(Dataset records)
____

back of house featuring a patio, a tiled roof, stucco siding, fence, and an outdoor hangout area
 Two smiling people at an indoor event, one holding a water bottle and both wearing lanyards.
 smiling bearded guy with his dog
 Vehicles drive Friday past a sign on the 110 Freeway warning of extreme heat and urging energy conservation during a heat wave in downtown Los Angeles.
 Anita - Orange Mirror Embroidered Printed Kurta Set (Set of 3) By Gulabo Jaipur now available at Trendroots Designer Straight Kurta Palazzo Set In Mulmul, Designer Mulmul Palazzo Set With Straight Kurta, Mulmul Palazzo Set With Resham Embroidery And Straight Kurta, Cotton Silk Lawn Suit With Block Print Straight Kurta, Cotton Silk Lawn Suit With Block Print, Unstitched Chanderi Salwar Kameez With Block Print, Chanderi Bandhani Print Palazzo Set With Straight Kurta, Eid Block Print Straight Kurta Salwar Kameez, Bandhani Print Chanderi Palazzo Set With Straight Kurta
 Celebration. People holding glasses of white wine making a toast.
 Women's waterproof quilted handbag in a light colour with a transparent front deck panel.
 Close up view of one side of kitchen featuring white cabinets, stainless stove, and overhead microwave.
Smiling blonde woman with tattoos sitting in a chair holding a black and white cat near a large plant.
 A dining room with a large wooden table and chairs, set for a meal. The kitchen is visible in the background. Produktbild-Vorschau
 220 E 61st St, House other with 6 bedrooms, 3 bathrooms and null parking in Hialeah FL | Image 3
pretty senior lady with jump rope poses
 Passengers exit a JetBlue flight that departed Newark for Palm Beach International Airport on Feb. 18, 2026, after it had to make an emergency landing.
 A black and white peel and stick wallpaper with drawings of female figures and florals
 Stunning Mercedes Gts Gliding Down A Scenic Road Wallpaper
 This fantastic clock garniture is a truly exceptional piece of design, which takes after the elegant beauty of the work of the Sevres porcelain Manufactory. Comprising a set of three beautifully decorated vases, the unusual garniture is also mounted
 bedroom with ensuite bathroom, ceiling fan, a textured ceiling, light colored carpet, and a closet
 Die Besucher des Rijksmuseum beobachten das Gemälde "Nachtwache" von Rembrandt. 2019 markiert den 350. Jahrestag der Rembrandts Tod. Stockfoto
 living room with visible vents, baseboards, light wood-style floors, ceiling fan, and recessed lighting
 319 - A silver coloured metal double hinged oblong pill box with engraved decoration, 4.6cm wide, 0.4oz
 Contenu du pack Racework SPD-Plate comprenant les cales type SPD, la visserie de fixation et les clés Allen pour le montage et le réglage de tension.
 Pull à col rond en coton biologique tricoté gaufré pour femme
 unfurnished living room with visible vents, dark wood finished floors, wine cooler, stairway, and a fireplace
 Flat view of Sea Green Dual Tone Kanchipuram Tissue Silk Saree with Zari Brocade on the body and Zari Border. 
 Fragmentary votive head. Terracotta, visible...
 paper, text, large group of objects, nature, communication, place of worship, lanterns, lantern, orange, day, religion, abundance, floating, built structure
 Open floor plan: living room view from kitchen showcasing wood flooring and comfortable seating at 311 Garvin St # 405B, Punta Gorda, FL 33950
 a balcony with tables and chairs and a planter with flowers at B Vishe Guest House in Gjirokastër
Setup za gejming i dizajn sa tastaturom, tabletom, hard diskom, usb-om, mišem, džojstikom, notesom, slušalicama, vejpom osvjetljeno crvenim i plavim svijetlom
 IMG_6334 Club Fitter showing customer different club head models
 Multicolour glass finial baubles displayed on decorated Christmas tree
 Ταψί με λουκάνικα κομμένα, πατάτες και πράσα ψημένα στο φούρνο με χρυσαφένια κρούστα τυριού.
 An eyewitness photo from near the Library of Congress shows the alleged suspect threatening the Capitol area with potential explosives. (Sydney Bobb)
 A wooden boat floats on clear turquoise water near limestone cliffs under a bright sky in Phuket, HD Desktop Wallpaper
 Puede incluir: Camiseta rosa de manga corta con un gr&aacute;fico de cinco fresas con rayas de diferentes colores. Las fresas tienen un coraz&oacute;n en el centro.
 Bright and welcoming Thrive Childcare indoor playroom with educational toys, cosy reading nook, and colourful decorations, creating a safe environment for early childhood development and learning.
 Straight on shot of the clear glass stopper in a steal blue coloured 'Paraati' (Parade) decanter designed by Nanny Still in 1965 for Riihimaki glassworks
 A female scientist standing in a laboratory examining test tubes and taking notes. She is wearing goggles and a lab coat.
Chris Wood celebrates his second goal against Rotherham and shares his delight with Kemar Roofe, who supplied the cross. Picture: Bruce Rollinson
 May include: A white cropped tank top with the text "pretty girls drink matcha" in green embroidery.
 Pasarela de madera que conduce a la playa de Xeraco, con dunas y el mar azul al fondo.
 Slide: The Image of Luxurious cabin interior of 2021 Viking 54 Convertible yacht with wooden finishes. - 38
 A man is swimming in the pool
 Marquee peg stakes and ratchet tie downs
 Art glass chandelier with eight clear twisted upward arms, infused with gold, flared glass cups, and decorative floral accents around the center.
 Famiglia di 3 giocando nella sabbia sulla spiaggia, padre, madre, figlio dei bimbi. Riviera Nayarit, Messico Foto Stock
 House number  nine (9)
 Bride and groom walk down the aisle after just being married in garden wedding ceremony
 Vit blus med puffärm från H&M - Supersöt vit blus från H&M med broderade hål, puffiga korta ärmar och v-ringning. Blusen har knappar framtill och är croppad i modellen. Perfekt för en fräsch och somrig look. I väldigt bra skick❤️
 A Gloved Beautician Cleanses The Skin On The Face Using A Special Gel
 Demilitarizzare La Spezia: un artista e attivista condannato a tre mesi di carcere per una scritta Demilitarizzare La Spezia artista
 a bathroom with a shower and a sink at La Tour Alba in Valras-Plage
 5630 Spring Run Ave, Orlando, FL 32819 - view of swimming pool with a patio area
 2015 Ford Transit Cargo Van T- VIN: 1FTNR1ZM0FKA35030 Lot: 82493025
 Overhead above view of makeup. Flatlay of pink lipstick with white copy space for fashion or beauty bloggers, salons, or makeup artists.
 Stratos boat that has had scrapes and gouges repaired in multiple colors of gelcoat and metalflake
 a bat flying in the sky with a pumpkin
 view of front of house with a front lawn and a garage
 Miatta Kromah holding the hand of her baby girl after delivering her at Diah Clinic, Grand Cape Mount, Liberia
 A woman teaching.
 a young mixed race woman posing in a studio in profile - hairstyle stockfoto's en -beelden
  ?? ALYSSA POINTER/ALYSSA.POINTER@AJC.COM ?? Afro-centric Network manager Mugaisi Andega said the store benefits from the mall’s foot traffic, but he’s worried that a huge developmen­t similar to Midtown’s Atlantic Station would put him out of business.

____

WHAT IS BEING ASKED >>
Set every line down again exactly. Begin with the first line of the entries and finish with the line containing "Vehicles drive Friday".

EXERCISE OUTPUT >>
back of house featuring a patio, a tiled roof, stucco siding, fence, and an outdoor hangout area
 Two smiling people at an indoor event, one holding a water bottle and both wearing lanyards.
 smiling bearded guy with his dog
 Vehicles drive Friday past a sign on the 110 Freeway warning of extreme heat and urging energy conservation during a heat wave in downtown Los Angeles.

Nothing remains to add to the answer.